The RSU Anatomy Museum’s collection of tattooed skin evaluated by expert from the University of Oxford
From 31 May to 1 June Gemma Angel, a researcher and lecturer from the Department of Visual, Material and Museum Anthropology at the University of Oxford, visited the Anatomy Museum of Rīga Stradiņš University (RSU) and worked with the museum’s collections.
Currently the RSU Anatomy Museum is creating a catalogue on the museum’s tattooed skin collection with the support of the State Culture Capital Foundation. Gemma Angel has been invited to contribute her academic expertise.
‘Our museum has 30 exhibits of tattooed skin that were created in the Anatomical Theatre in the 1920s. It is known that in the late 19th and early 20th centuries similar collections were created elsewhere in Europe as well. We would like our catalogue to not only be visually impressive, but to also be valuable from an academic perspective so that our collection can place among other similar collections in Europe. Gemma Angel is a researcher and a renowned expert on this topic,’ explains Ieva Lībiete, the Head of the museum.
Angel’s topics of research covers the history and anthropology of tattooing in Europe including the preservation of tattooed human skin. In 2014 Gemma defended her PhD thesis – a study of the largest collection of over 300 preserved specimens of tattooed human skin held in storage at the Science Museum in London.
After a detailed study of the RSU Anatomy Museum’s collection, Angel commented that ‘the tattoo collection at RSU contains a fascinating range of images and phrases, and is unique among the collections I have studied in so far as there is also archive documentation connecting the specimens with the individuals who wore them in life.

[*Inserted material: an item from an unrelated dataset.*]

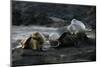 Galapagos Sea Lion and Pup on Rocks-DLILLC-Mounted Premium Photographic Print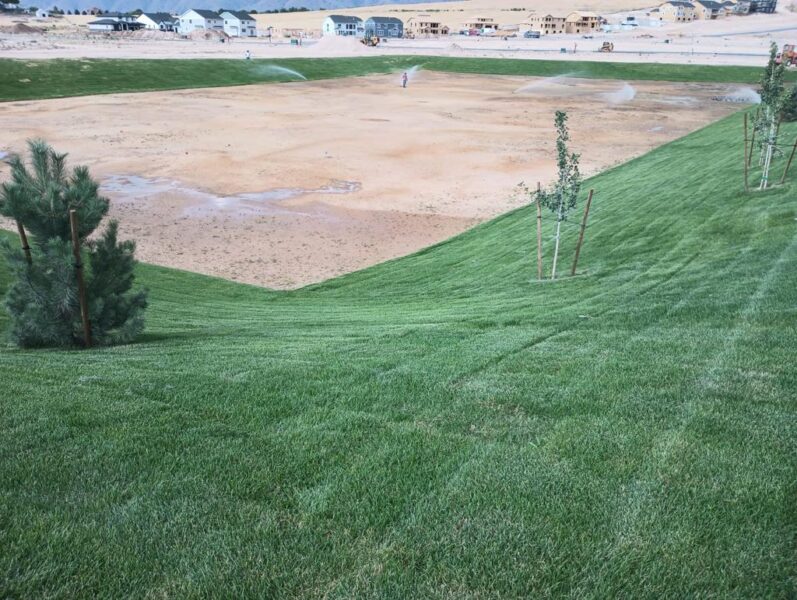 Sod installed on the bowl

This is an exciting historical thread that has the potential to reveal so much more about European tattooing in the early 20th century, which still remains a very misunderstood practice.’
At the beginning of 2019 a project developed by the RSU Anatomy Museum won the Museum Development Programme competition announced by the State Culture Capital Foundation. It received financial support for the preparation and publication of the museum catalogue Ādas/Skins. Gemma Angel, a researcher from the University of Oxford, and Kristians Brekte, a Professor at the Art Academy of Latvia, are involved in the implementation of the project. The catalogue will be published in early 2020 in English and Latvian.